如果想要Nagios记录外部命令信息的话,那么请将这个配置项的值设定为1,不记录设定值0。注意,这个选项将不包括被动服务的检查。
log_external_commands=1
默认设定记录外部命令信息。
第二十六部分:被动检查信息记录
# PASSIVE CHECKS LOGGING OPTION
# If you don't want Nagios to log passive host and service checks, set
# this value to 0. If passive checks should be logged, set
# this value to 1.
如果想要Nagios记录被动主机和服务的检查信息的话,请设置为1,不记录设定为0。
log_passive_checks=1
默认设定记录被动检查信息。
第二十七部分:全局主机和服务的事件处理程序
# GLOBAL HOST AND SERVICE EVENT HANDLERS
# These options allow you to specify a host and service event handler
# command that is to be run for every host or service state change.
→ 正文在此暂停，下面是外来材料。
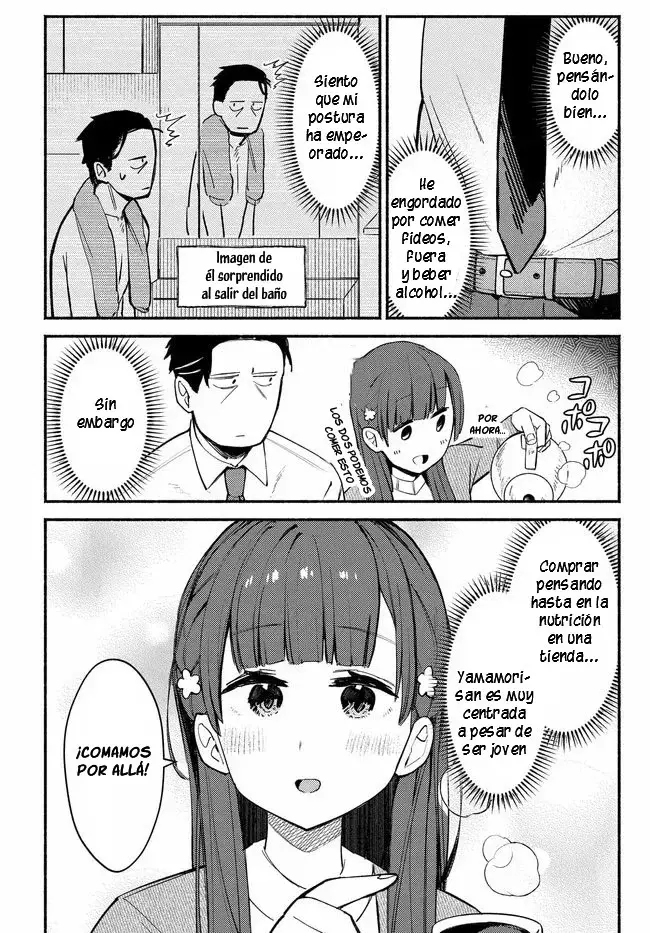 ¡MUTTSUKO, SEI WO TSUKEMASU! capítulo 2, página 16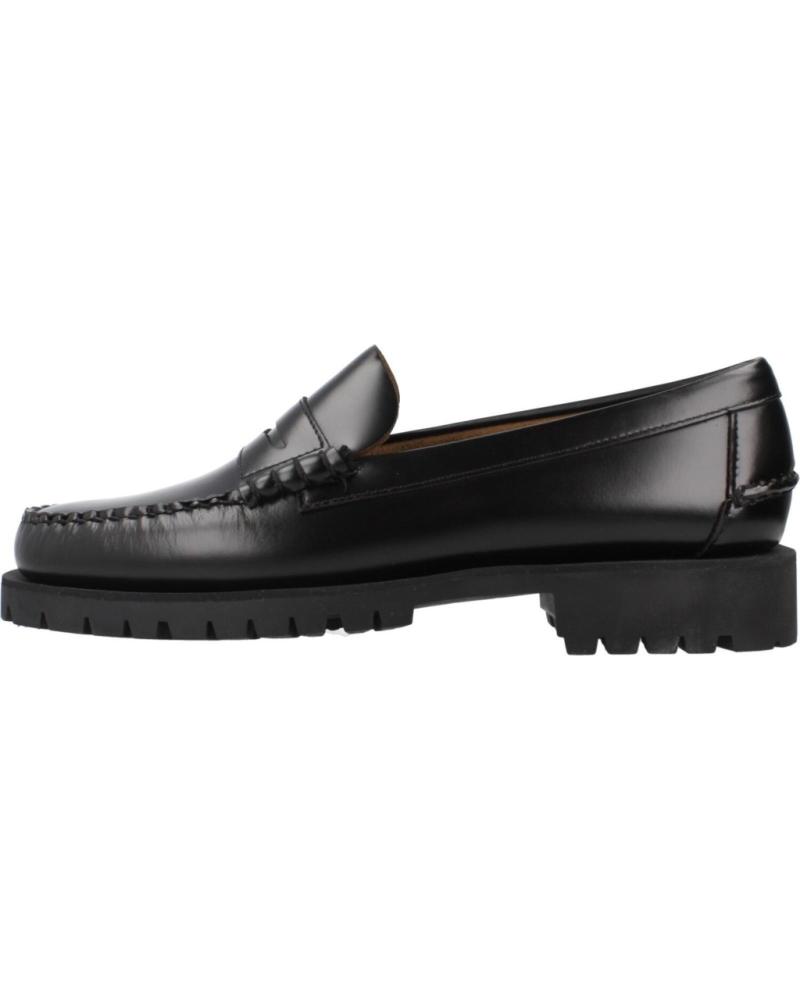 Halbschuhe für Herren SEBAGO MOCASINES HOMBRE MODELO DAN LUG COLOR NEGRO BLACK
# The global event handler is executed immediately prior to the event
# handler that you have optionally specified in each host or
# service definition. The command argument is the short name of a
# command definition that you define in your host configuration file.
# Read the HTML docs for more information.
这些选项允许指定针对所有主机或服务状态变化运行的一个主机和服务事件处理程序命令。这个全局事件处理程序将比每一个主机上和服务上的定义要来的优先。命令的参数是在主机配置文件中,命令定义的简短名。
#global_host_event_handler=somecommand
#global_service_event_handler=somecommand
默认这里为空。
第二十八部分:服务间内部检查之间延时的方式
# SERVICE INTER-CHECK DELAY METHOD
# This is the method that Nagios should use when initially
# "spreading out" service checks when it starts monitoring. The
# default is to use smart delay calculation, which will try to
# space all service checks out evenly to minimize CPU load.
# Using the dumb setting will cause all checks to be scheduled
# at the same time (with no delay between them)! This is not a
# good thing for production, but is useful when testing the
# parallelization functionality.
# n = None - don't use any delay between checks
# d = Use a "dumb" delay of 1 second between checks
# s = Use "smart" inter-check delay calculation
# x.xx = Use an inter-check delay of x.xx seconds
这是Nagios启动初始化、对服务展开监控的时候使用的方式。默认情况下使用smart延时计算方式,它将尽力分隔开所有服务的检查,平衡地减少CPU届时的负载。如使用dump方式会造成所有检查作业在初始化时并发(这种方式下它们之间将没有时间延迟间隙)。
值n表示none,不做任何任何延迟。
值d表示dump,表示在两个相邻的检查之间做1秒钟的延迟。
值s表示smart,表示默认精简方式安排延迟。
值x.xx表示手动定制每相邻的检查之间固定的x.xx秒延迟。
service_inter_check_delay_method=s
默认设定服务间检查间隔采用smart算法。
第二十九部分:最大服务检查扩张
# MAXIMUM SERVICE CHECK SPREAD
# This variable determines the timeframe (in minutes) from the
# program start time that an initial check of all services should
# be completed. Default is 30 minutes.
这个变量值决定了从程序开始时间起,对所有服务进行一次初始化检查完成的时间框架。默认是30分钟。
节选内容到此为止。